Avery simple technique allows to make the clusters appearing:
Instead of painting solid lines we paint dotted lines. The cluttering of
each individual line is reduced and the clusters show clearly as we can
see on the next figure. The spacing between the dots is a parameter which
can be adjusted in order to get the best results.
![Using dotted lines is a very simple method to reduce the cluttering.](pictures/para5.png)
Interactivity is a very important aspect of the Parallel Coordinates plots.
To really explore the data set it is essential to act directly with the
events and the axes. For instance, changing the axes order may show clusters
which were not visible in a different order. On the next figure the axes
order has been changed interactively. We can see that many more clusters
appear and all the “random spheres” we put in the data set are now
clearly visible. Having moved the variables `u,v,w` after the variables
`x,y,z` the correlation between these two sets of variables is clear also.
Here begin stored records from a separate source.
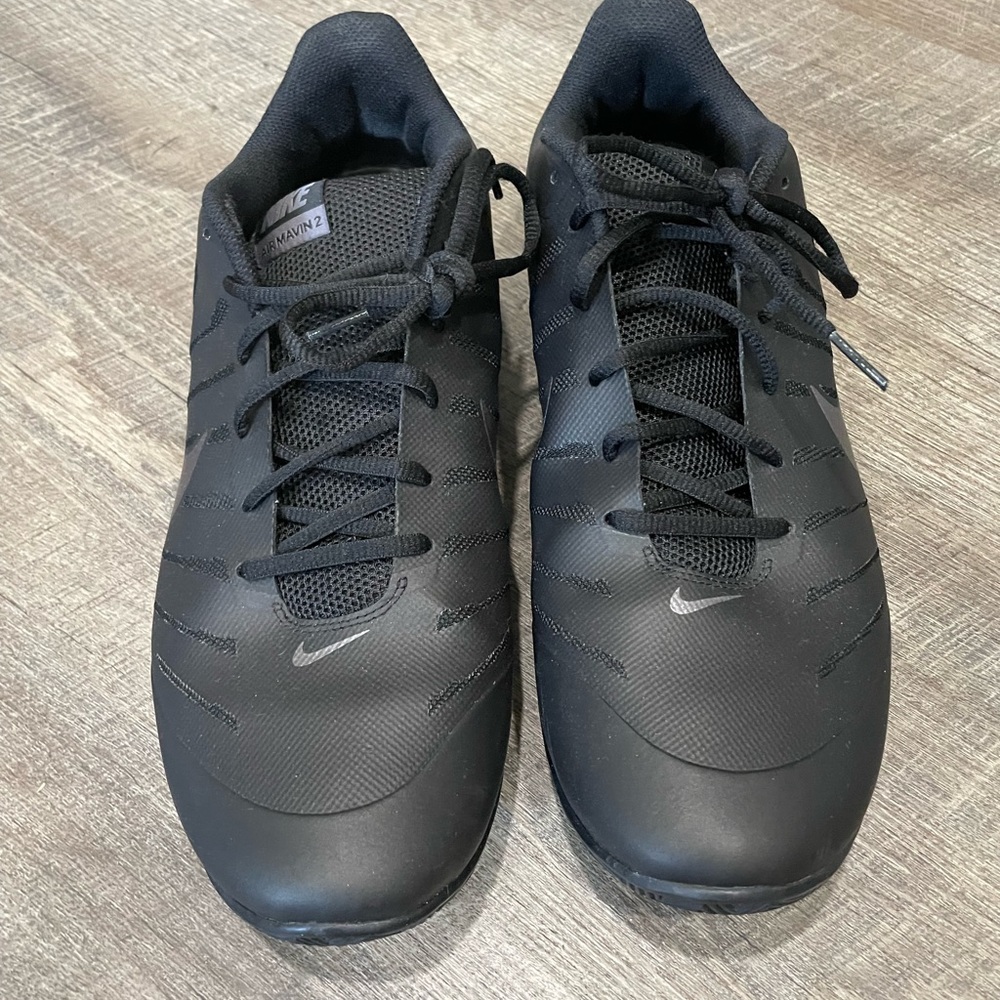 Nike Mavin 2 size 12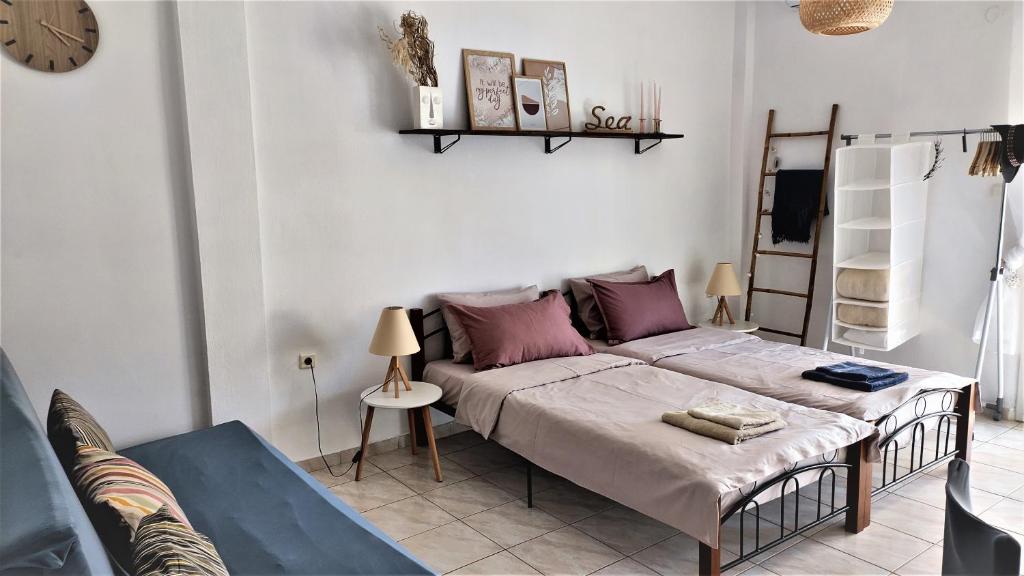 sypialnia z łóżkiem z fioletowymi poduszkami w obiekcie Apartment Marina 3 w mieście Asprovalta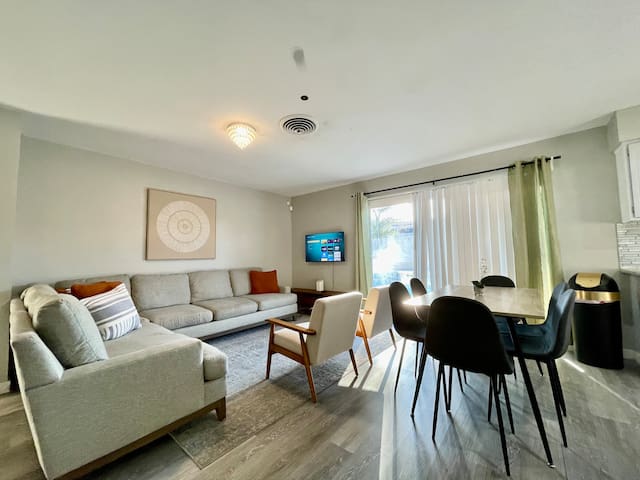 TheDeco-Chic 4BR/2BA&Pool-NearStrip,LVCC&DTLV!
![Axis order is very important to show clusters.](pictures/para6.png)
To pursue further data sets exploration we have implemented the possibility
to define selections interactively. A selection is a set of ranges combined
together. Within a selection, ranges along the same axis are combined with
logical OR, and ranges on different axes with logical AND. A selection is
displayed on top of the complete data set using its own color. Only the
events fulfilling the selection criteria (ranges) are displayed. Ranges
are defined interactively using cursors, like on the first axis on the
figure. Several selections can be defined at the same time,
each selection having its own color.
![Selections are set of ranges which can be defined interactively.](pictures/para7.png)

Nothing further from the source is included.